As an example, let's consider mining of real-time social media data to extract business intelligence data elements. Current solutions rely on centralized monitoring, processing and integration with enterprise IT platforms. In contrast, FRONTS programs tiny agents to inspect information using simple local rules. It then deploys them as plug-ins to browsers and as tiny processes for smartphones. These agents interact by exchanging short messages. This is a continuous, never-ending process that eventually reaches a state in which the agents develop a self-understanding of the global state.
Consider an enterprise that wishes to characterize its customers' opinion on a particular product line by monitoring their comments. Here, no single comment is sufficient to immediately reach a decision. Instead, we face a sparse set of comments that identify characteristics of a fad. Each tiny agent stores only two bits of information: P if it has encountered at least one positive comment, N if it has encountered at least one negative comment and U if it is still undecided. Initially, all agents start at state U. An agent sets the two bits to match its own opinion. If an agent is in state U, and encounters a positive (or negative) comment, it changes to P (or N). If an agent is in state P (or N) and detects a negative (or positive) comment, it changes back to U. If two agents interact and are in the same state, they maintain their states. If one is in P and the other in N, they both change to U. If one is in P (or N) and the other in U, then the undecided agent changes state to P (or N). More formally, the protocol is (P,U) → (P,P), (N,U) → (N,N), (P,N) → (U,U).
One can view this protocol as a propagation of conflicting epidemics: the epidemic of P and the epidemic of N. The agents in state U are not infected, and agents in states P and N attempt to infect the agents they meet with their respective state. Such agents immediately infect a non-infected agent and cure an agent of the opposing epidemic. This simple protocol manages to detect the opinion expressed by the majority: the dominating opinion is eventually propagated to all the agents of the population. Interestingly, the more relevant the comments inspected by each agent, the faster the protocol reaches a safe conclusion.

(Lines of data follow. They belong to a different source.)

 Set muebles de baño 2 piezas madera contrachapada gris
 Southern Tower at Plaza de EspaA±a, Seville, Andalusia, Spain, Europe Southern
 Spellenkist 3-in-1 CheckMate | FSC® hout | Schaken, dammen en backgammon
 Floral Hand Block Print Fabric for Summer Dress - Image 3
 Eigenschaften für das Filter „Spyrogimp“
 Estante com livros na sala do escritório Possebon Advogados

The example demonstrates how a vast number of local, limited and appropriately organized computations can be used to analyze large volumes of data in a correct and fast way. The FRONTS approach totally avoids central storage of extracted data and, by design, preserves the privacy of individual users.

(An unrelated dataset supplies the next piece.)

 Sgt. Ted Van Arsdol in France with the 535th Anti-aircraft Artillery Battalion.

Yet there is a need for further research beyond FRONTS. These systems can be truly useful only if they are dependable, so that society can trust them and broadly participate in them. Existing methods do not seem to be able to achieve such a vision. Distributed computing and game theory have not managed, as yet, to jointly describe huge collections of autonomous entities that care for global welfare. Also, modern distributed computing has not yet developed a set of tools that are adequate for extreme network dynamicity and wide openness. We strongly believe that future networked systems, as outlined here, will contribute substantially towards unleashing the potential of open data.